E a quel tavolo, un uomo guardava una donna con sguardo vagamente allucinato.

«Che cosa?» domandò debolmente Fabrizio, interrompendo la visione della sua ugola con un rapido movimento della bocca.

«Ti-lascio» ripetè Artemiya, prendendo coraggio e fissandolo dritto negli occhi.

Erano gli esatti opposti, quei due seduti al tavolo. Eppure erano stati una coppia per due anni, una coppia felice.

«Non puoi lasciarmi...» boccheggiò Fabrizio.

Sbagliato.

Gli occhi da gatta di Artemiya si fecero fessure e lo sguardo divenne affilato come una lama.

«Vuoi dirmi ciò che posso e non posso fare?» sibilò, e fu uno schizzo di veleno. E il povero Fabrizio, che era sempre stato un ragazzo ignorante sia di vita sia di cultura, per la prima volta nella vita intese bene il fulmine acido che turbinava nelle pupille di una femmina che si trovasse di fronte a lui.

«Amoruccio, senti...siamo stati così felici assieme, no? Io e te...» ma non riuscì a terminare la frase perché Artemiya lo interruppe bruscamente.

«No, Fabrizio: tu sei stato felice» disse dura. «Io sono stata semplicemente stupida. Io ridevo delle tue idiozie come una madre ride della demenza del figlio. E ti trovavo dolce, ed ero pietosa. Ma tu sei solo patetico.».

Fabrizio era rimasto immobile. Lentamente, allungò una mano per giocherellare con un cucchiaino. Parve pensare un poco a ciò che voleva rispondere, fissando le acrobazie di quel saltimbanco di latta che ridacchiava sotto i baffi della sua espressione ottusa, e alla fine riuscì solo a dire: «Patetico?».

Artemiya sorrise sprezzante e bevve un sorso di caffè.

«Precisamente. Il tuo infantilismo...».

Fabrizio batté un pugno sul tavolo e tazze e piattini tintinnarono.

«È questo che pensi di me? Solo questo?» ringhiò frustrato.

«Cosa vuoi che ci sia di più?» domandò Artemiya.

«Ti avrò pur dato qualcosa di buono, no?» ribatté Fabrizio.

«Certo» rispose calma la giovane. «Come ogni errore, mi hai insegnato a non prendere più la strada sbagliata.»

Si alzò con grazia e si caricò la borsa sulla spalla.

«Ora devo andare.

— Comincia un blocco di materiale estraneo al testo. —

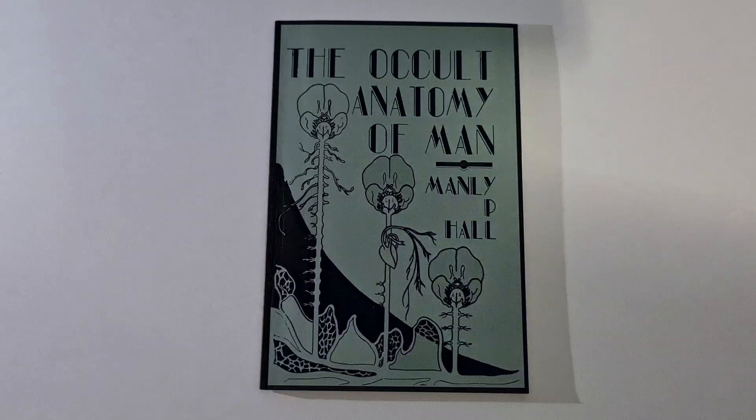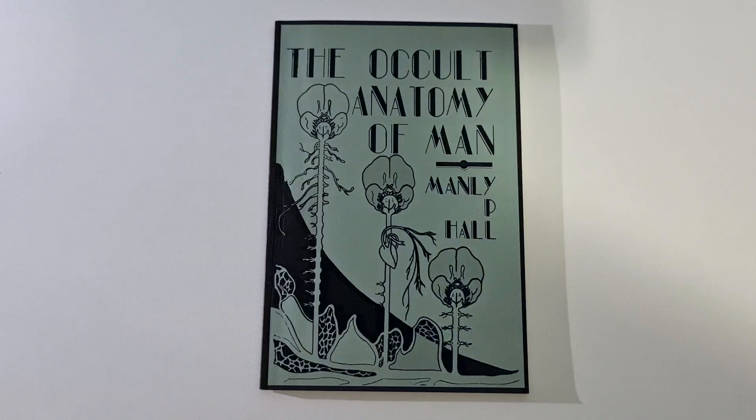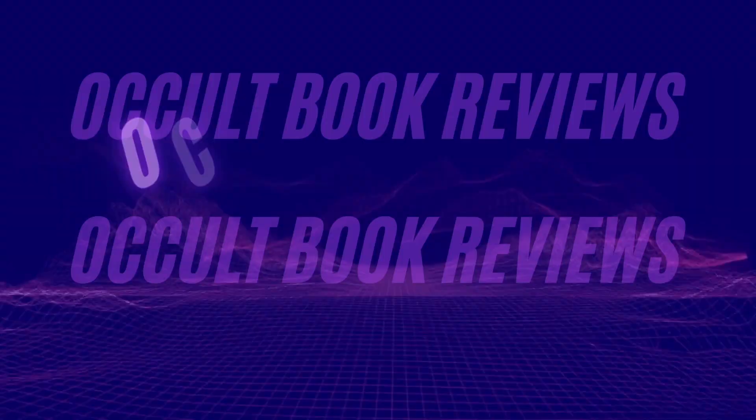Hello guys and girls, and welcome to my channel. My name is Yanis and in this video series I'm going to review some occult books for beginners. The reason I'm doing these videos is because when I first started I had trouble finding info about books I could read on the subject. I hope that someone starting their journey now can see my videos, see the books, see the contents, and if they decide it's right for them, read them. So let's start with today's review.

Addio, Fabrizio. Spero tu sia felice.»

E se ne andò calma, la lunga treccia biondo cenere sulla spalla, lo scialle grigio svolazzante, lasciando Fabrizio con un conto da pagare e un pugno di mosche tra le sinapsi.

La piccola Carolina era una pianista discreta, dallo stile duttile e una grande capacità assimilativa e ad Artemiya era sempre piaciuto ascoltarla esercitarsi, ma quel giorno la sua mente pareva essere decisa a rimanere altrove.

Aveva lasciato Fabrizio, finalmente. Ma il suo infantilismo era stato una scusa - l'ennesima.

Certo, era felice di non doverlo più osservare quando, in pizzeria, prendeva il bordo della pizza con due mani come un volante e iniziava a fare brum brum come sfoggio della sua fulminante intelligenza. Ma era più felice ancora di non dover più sottostare a quei baci insipidi, di non dover accoglierlo ogni notte senza provare niente se non un gran senso di vuoto e noia.

Inizialmente queste sensazioni l'avevano preoccupata - perché la totale indifferenza alla virilità di Fabrizio era preoccupante, no? - ma infine era giunta ad una conclusione che la soddisfaceva: non era l'uomo per lei. Sarebbe bastato trovare quello giusto perché tutto tornasse alla più completa normalità...non c'era niente di sbagliato in lei.

Le note de Il canarino è morto furono interrotte bruscamente da uno scivolone alla decima battuta e Artemiya si riscosse, incontrando gli occhi corrucciati della sua giovane allieva.

«Mi scusi, ho pestato male il pedale...» mormorò  in fretta Carolina.

Artemiya le sorrise.

«Non fa niente, le prime volte sono sempre le peggiori. Riparti daccapo, e sta attenta.».

Carolina ubbidì e cacciò la lingua tra i denti per una maggiore concentrazione. Il pedale le dava noia, non era ancora abituata ad abbassare le dita e alzare il piede in sincrono seguendo ritmi differenti. Ad un tratto sbagliò di nuovo, e le spalle ricaddero tristemente assieme alla frangetta.

«Non ci riuscirò mai!» esclamò mestamente.

Artemiya si alzò dalla poltrona.

«Fammi posto» disse, «io suono e tu schiacci il pedale, d'accordo? Ce la fai?».

Così iniziò a suonare e ad ogni nota un petalo di dubbio cadde dal suo bouquet di preoccupazioni, mentre Carolina premeva il pedale con regolarità, osservando le sue lunghe dita bianche accarezzare la tastiera.